Der Landkreis Ludwigslust-Parchim (LUP) hat auf seiner offiziellen Internetseite einen 24-jährigen Autofahrer unter Nennung seines vollen Namens und Geburtsdatums zur Abgabe des Führerscheins aufgefordert. Der Bescheid über den Entzug der Fahrerlaubnis konnte dem Mann nicht per Post zugestellt werden, da er unbekannten Aufenthalts ist.
Öffentliche Bekanntmachung statt Postzustellung
In der öffentlichen Bekanntmachung heißt es: „Ihnen wird die Fahrerlaubnis zum Führen von Kraftfahrzeugen entzogen.“ Der Führerschein sei innerhalb von drei Tagen nach Bekanntgabe des Bescheides bei der Fahrerlaubnisbehörde des Landkreises abzugeben. Für den Fall, dass der Betroffene der Aufforderung nicht fristgerecht nachkommt, wird ein Zwangsgeld von 250 Euro angedroht.

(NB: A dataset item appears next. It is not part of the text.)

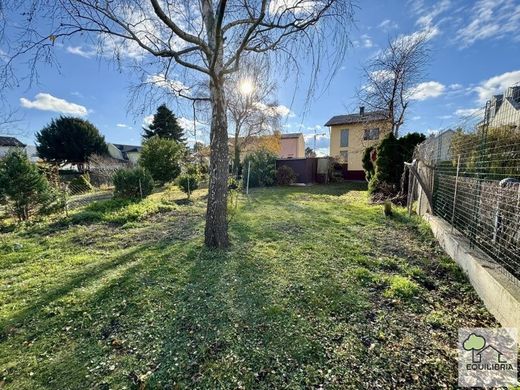 Maison de luxe à Vienne, Wien Stadt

Kreissprecher Andreas Bonin erklärte, es handele sich um einen Sonderfall. Der Mann sei unbekannten Aufenthalts, weshalb der amtliche Bescheid an keine Adresse zugestellt werden konnte. Der Landkreis habe deshalb das letzte Mittel angewendet, wenn die Übermittlung amtlicher Dokumente auf dem Postweg an einer fehlenden Adresse scheitert.
Rechtsgrundlage und Wirkung
Die Zustellung durch öffentliche Bekanntmachung ist in Paragraph 10 des Verwaltungszustellungsgesetzes geregelt. Sie kann erfolgen, wenn der Aufenthaltsort des Empfängers unbekannt ist und eine Zustellung an einen Vertreter oder Zustellungsbevollmächtigten nicht möglich ist. Durch die Online-Veröffentlichung gilt der Bescheid nach Ablauf einer bestimmten Frist als rechtlich zugestellt und wird wirksam.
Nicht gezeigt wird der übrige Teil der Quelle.